Items from a dataset:
# # # # #
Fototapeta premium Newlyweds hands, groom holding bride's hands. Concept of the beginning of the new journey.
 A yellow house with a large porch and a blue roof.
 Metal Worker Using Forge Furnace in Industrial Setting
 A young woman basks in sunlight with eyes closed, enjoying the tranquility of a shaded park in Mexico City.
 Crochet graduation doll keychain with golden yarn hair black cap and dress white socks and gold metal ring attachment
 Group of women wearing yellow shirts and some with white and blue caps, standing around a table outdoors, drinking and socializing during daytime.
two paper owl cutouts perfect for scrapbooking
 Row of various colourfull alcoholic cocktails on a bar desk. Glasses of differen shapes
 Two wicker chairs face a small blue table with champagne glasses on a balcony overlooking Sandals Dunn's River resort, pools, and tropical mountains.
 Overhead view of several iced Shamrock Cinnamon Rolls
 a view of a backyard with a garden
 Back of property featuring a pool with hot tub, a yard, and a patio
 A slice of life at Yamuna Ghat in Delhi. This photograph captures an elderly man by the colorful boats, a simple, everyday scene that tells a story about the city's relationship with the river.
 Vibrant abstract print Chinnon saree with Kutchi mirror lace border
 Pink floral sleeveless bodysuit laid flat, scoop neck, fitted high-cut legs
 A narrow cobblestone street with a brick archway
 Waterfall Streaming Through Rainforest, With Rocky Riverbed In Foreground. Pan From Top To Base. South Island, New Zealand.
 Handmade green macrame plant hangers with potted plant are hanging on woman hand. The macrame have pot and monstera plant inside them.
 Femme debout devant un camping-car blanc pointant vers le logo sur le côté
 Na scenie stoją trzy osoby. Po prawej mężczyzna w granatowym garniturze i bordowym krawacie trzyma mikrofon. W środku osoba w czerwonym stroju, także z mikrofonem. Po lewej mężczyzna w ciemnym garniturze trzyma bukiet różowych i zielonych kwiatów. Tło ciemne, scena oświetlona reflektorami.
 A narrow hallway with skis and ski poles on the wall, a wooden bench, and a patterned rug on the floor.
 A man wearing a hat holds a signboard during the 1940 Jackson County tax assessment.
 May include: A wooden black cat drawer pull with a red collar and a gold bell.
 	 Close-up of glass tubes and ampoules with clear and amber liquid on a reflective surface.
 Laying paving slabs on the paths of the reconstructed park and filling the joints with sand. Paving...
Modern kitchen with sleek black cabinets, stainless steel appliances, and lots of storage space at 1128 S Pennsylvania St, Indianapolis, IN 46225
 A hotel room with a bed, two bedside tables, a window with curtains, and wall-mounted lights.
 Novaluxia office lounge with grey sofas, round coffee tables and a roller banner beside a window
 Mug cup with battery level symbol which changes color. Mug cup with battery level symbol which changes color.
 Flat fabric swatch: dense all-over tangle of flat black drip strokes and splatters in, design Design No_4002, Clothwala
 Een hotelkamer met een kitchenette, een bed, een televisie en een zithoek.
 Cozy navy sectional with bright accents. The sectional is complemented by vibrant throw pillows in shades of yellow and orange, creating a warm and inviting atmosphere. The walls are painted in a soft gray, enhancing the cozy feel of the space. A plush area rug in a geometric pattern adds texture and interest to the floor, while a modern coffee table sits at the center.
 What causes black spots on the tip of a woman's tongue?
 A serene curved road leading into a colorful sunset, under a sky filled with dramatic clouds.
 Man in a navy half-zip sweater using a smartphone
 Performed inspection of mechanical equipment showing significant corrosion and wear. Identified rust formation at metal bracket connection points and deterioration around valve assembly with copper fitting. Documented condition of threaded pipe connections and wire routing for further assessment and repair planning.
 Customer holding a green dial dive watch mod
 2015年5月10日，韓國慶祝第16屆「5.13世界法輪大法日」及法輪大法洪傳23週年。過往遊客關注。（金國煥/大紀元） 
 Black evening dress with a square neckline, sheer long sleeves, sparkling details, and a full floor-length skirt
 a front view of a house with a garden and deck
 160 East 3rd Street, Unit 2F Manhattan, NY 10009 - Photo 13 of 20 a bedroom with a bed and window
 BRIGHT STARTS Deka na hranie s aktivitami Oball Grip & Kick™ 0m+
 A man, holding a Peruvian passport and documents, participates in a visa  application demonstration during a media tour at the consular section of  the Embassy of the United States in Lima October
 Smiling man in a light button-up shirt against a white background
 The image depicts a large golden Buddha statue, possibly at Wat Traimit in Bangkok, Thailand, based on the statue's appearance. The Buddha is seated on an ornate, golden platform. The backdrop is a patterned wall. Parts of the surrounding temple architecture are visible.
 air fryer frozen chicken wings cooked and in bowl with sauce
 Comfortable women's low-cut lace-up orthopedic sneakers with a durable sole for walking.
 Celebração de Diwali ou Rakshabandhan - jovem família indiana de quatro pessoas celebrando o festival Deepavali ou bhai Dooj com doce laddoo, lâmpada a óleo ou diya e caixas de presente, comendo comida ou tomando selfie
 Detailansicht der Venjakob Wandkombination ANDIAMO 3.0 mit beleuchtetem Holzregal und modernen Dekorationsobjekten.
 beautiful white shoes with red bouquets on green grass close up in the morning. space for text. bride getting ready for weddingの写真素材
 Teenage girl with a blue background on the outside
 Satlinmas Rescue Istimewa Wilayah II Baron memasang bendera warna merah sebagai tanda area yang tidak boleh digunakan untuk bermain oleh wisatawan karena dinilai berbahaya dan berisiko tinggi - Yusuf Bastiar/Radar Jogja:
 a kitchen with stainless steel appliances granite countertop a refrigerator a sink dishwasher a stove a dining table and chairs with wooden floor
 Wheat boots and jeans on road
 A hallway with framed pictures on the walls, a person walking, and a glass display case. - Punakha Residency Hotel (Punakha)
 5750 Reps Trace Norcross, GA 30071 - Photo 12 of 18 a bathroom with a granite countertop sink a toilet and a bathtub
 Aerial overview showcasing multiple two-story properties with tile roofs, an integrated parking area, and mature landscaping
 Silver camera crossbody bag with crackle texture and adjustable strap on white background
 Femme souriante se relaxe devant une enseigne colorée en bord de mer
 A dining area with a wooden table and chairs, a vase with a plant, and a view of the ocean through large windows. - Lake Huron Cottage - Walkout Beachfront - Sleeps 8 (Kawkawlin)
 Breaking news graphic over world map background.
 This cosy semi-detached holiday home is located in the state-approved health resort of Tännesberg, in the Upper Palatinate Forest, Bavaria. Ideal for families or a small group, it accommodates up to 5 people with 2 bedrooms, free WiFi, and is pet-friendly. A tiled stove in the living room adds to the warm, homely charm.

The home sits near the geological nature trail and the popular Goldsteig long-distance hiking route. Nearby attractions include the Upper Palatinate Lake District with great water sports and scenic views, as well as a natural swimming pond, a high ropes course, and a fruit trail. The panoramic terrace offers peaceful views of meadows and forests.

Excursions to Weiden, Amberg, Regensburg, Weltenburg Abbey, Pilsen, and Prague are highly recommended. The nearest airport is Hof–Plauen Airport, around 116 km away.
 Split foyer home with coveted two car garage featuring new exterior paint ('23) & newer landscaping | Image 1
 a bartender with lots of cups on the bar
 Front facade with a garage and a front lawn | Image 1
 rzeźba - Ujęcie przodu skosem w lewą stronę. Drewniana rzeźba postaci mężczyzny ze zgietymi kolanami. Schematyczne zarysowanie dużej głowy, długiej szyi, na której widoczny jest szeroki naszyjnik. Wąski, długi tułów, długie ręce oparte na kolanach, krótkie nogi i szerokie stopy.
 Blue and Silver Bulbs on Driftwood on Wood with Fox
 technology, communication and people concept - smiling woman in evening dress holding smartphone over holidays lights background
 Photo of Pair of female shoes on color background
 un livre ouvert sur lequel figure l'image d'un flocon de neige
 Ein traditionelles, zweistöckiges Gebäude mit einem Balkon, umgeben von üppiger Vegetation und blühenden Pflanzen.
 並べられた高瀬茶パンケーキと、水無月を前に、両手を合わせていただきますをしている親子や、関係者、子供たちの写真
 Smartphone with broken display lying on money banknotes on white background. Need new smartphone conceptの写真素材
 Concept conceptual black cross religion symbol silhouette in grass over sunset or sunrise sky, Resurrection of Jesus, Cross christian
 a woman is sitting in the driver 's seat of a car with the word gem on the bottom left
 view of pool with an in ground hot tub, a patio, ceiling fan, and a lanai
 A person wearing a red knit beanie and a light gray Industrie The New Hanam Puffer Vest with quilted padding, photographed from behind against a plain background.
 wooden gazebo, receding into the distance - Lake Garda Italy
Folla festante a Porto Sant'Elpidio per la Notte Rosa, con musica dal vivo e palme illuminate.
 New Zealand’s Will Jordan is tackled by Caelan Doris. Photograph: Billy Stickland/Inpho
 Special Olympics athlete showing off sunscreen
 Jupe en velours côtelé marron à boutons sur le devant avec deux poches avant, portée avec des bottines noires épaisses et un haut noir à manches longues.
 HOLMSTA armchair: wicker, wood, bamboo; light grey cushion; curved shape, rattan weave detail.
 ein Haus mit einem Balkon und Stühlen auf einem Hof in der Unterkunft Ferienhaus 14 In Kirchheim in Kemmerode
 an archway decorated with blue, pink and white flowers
# # # # #
* _Instructions for the task_: The answer is a number only: how many lines of the data above include "small"?

* _Written response_: 2